• Task goal
Return the lines of the data below starting at the one holding "Čierne vedro s kovovou rukoväťou zdola" and ending at the one holding "reading fabric descriptions!!👀", word for word, leaving every picture out.

• Data to use
[Start of section]
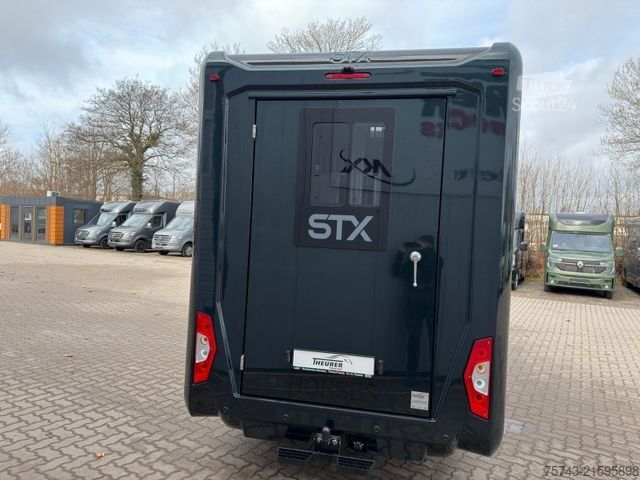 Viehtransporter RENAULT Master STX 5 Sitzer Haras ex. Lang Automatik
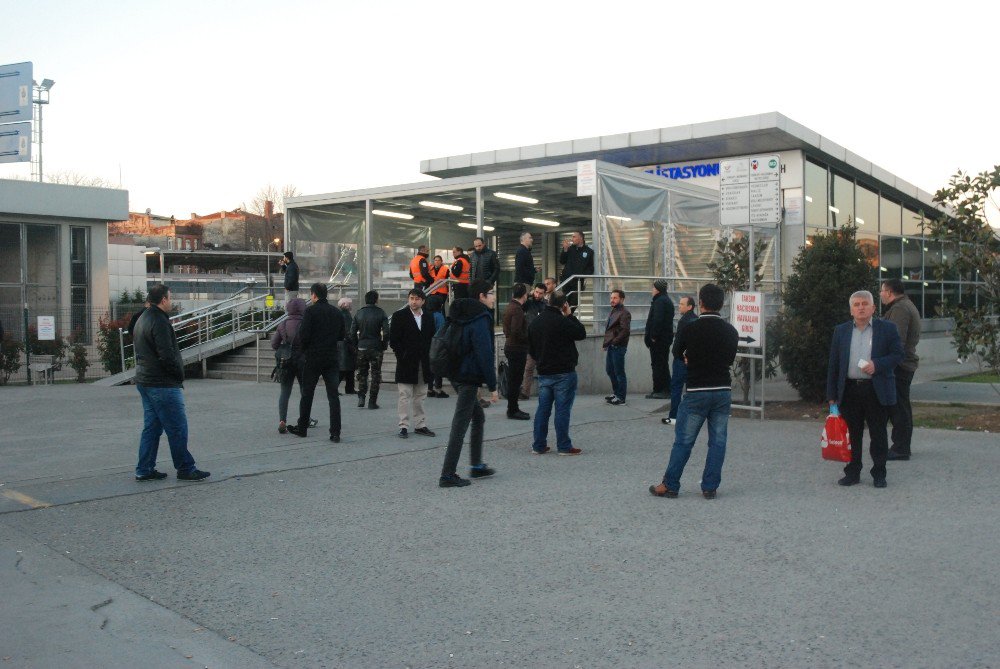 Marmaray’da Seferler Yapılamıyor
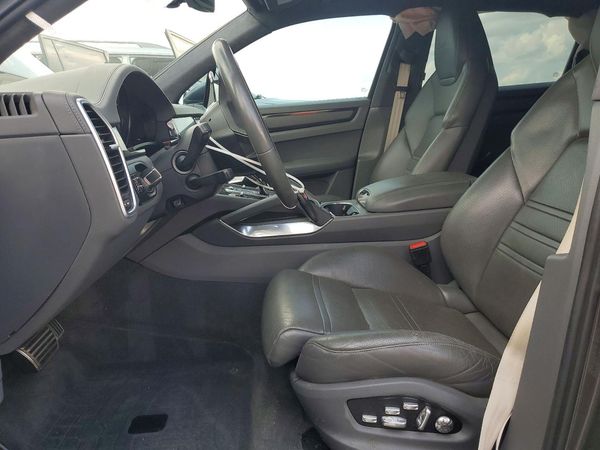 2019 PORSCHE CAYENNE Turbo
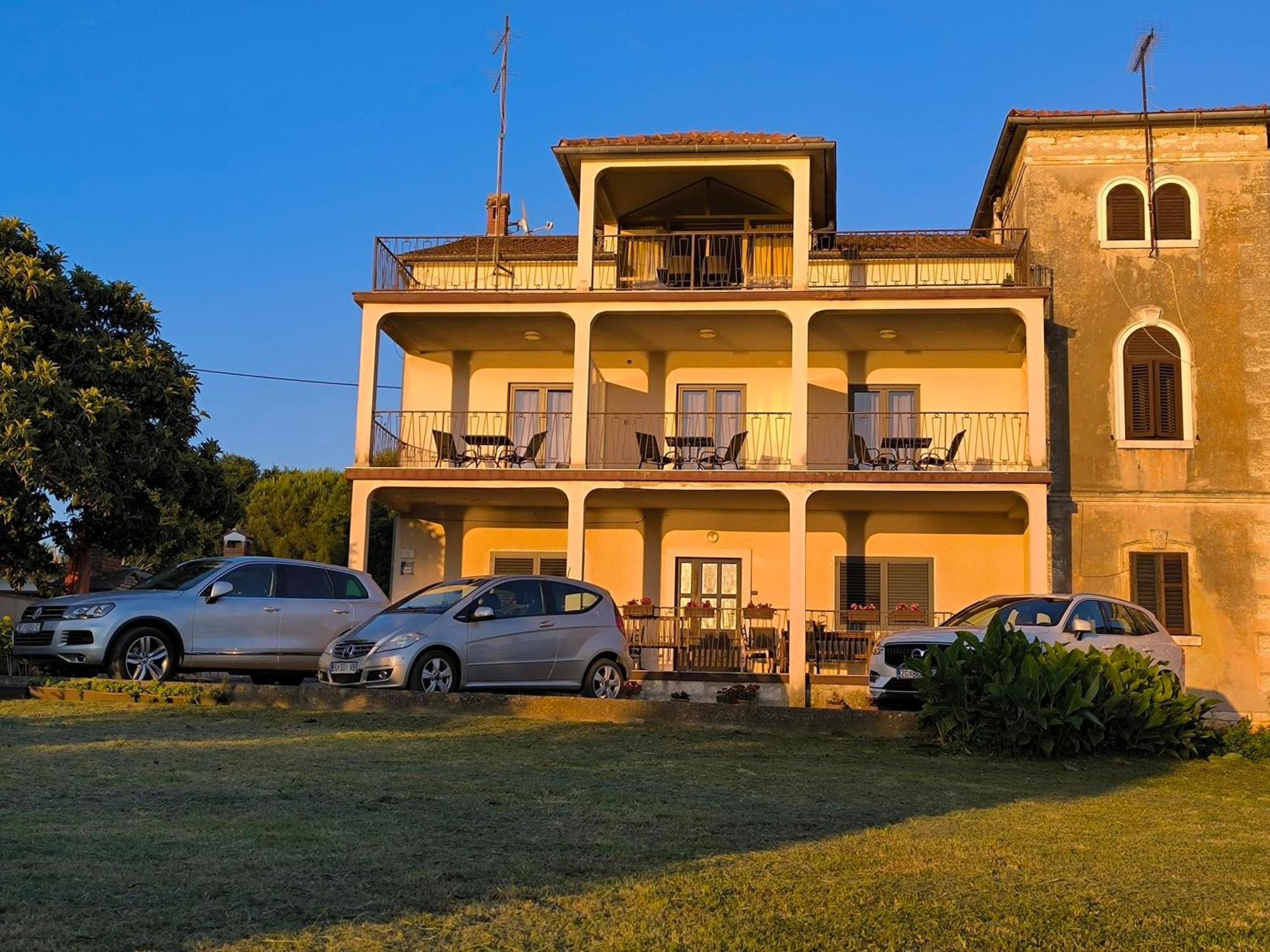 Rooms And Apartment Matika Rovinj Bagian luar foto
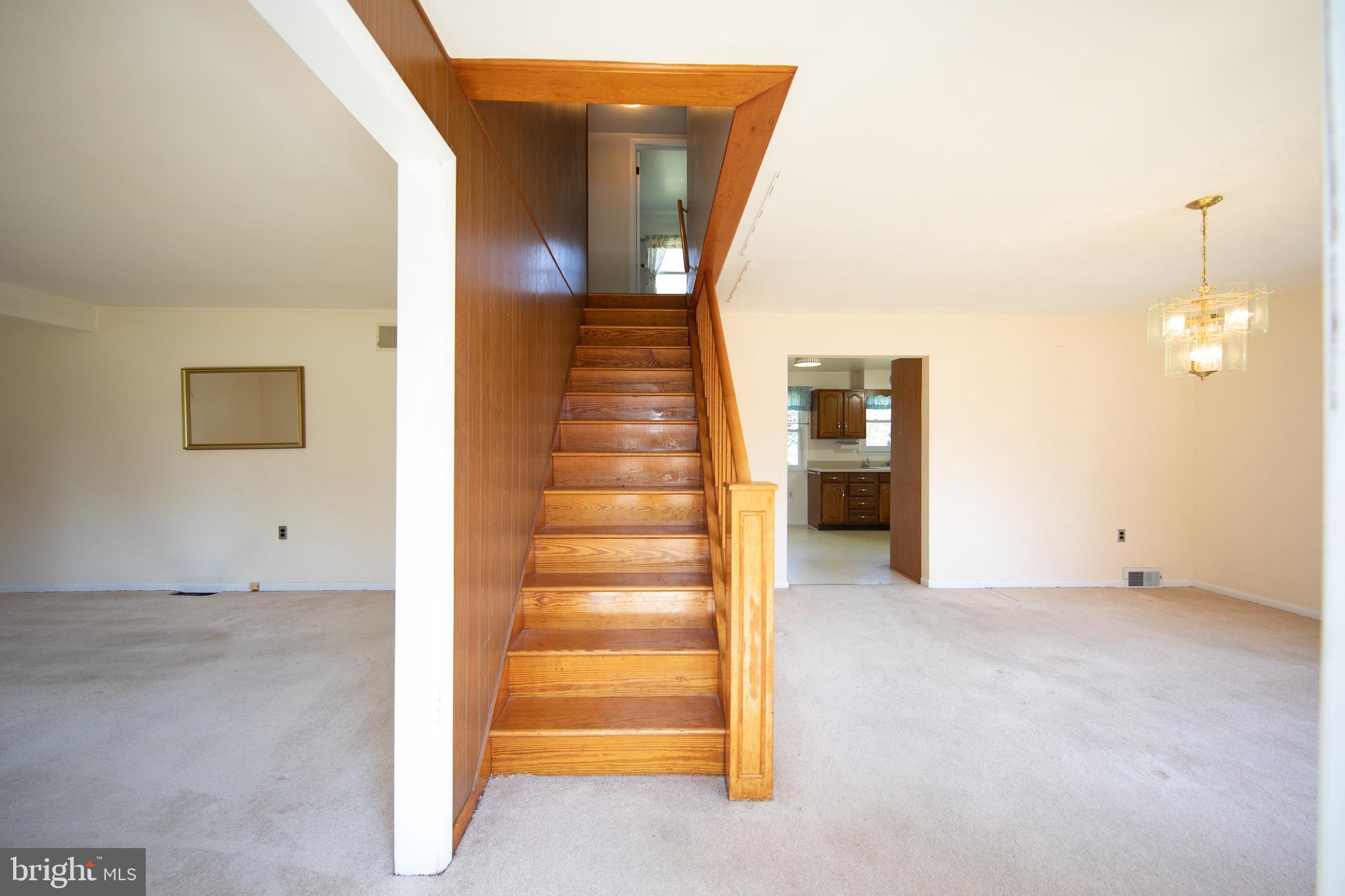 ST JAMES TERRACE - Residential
[End of section]
[Start of section]
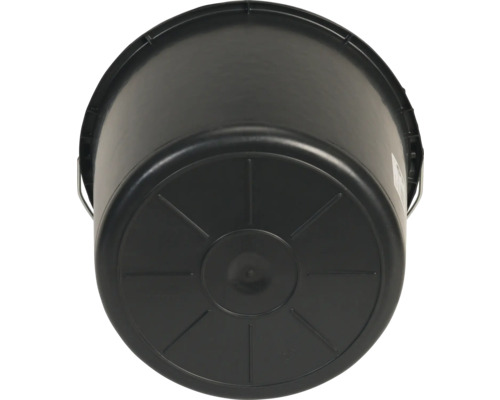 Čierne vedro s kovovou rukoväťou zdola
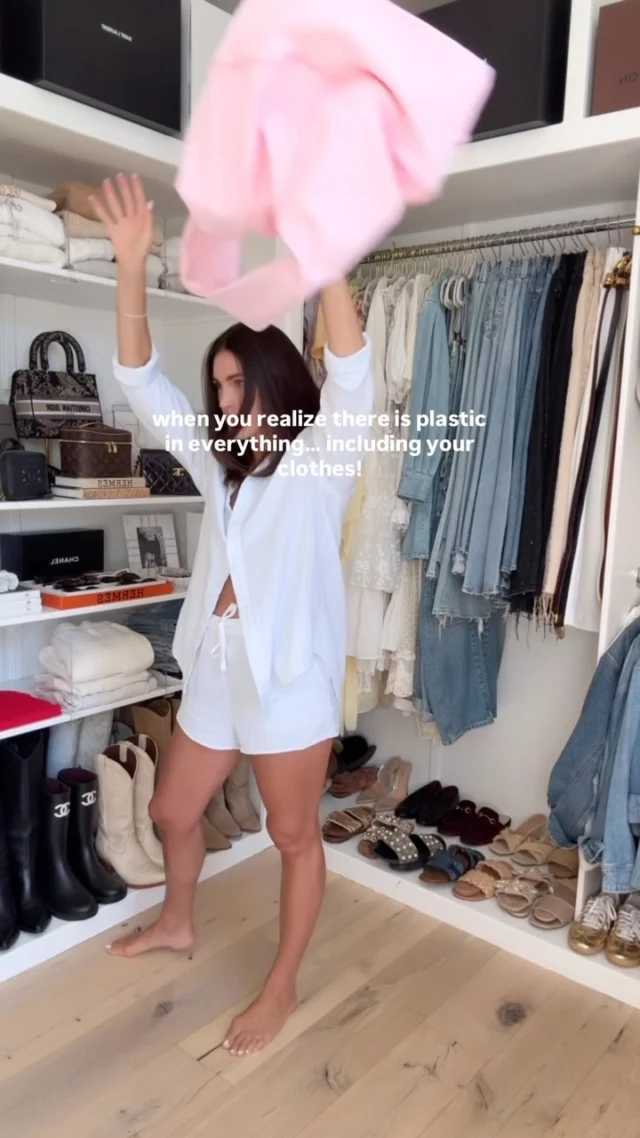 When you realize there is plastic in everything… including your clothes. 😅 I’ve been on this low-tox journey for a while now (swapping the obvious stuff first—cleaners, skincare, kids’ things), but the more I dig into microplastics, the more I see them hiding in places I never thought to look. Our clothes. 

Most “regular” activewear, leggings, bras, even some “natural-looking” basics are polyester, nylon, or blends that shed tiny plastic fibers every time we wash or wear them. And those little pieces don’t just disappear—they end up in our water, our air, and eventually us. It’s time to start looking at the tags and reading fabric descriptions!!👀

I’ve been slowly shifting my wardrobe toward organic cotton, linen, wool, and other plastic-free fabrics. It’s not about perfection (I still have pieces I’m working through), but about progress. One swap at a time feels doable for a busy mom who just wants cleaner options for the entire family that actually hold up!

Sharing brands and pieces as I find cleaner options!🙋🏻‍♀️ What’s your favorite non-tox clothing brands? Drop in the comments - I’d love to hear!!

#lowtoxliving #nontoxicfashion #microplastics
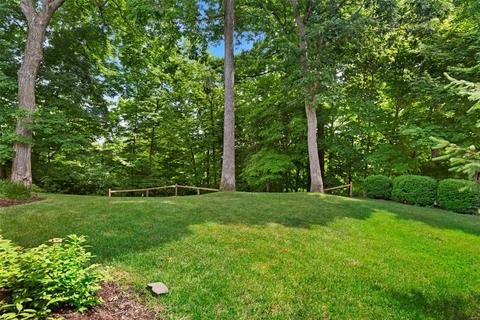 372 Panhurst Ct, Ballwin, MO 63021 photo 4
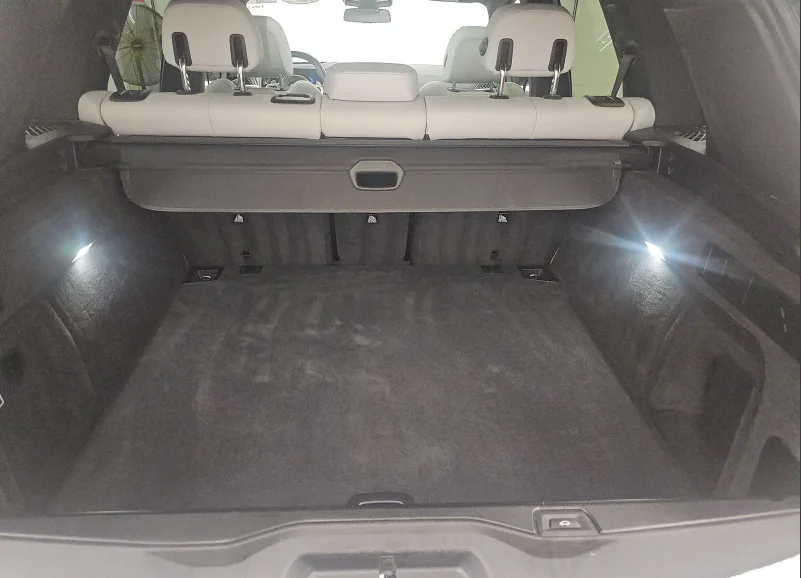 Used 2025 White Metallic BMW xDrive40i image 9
[End of section]
• Answer
 Čierne vedro s kovovou rukoväťou zdola
 When you realize there is plastic in everything… including your clothes. 😅 I’ve been on this low-tox journey for a while now (swapping the obvious stuff first—cleaners, skincare, kids’ things), but the more I dig into microplastics, the more I see them hiding in places I never thought to look. Our clothes. 

Most “regular” activewear, leggings, bras, even some “natural-looking” basics are polyester, nylon, or blends that shed tiny plastic fibers every time we wash or wear them. And those little pieces don’t just disappear—they end up in our water, our air, and eventually us. It’s time to start looking at the tags and reading fabric descriptions!!👀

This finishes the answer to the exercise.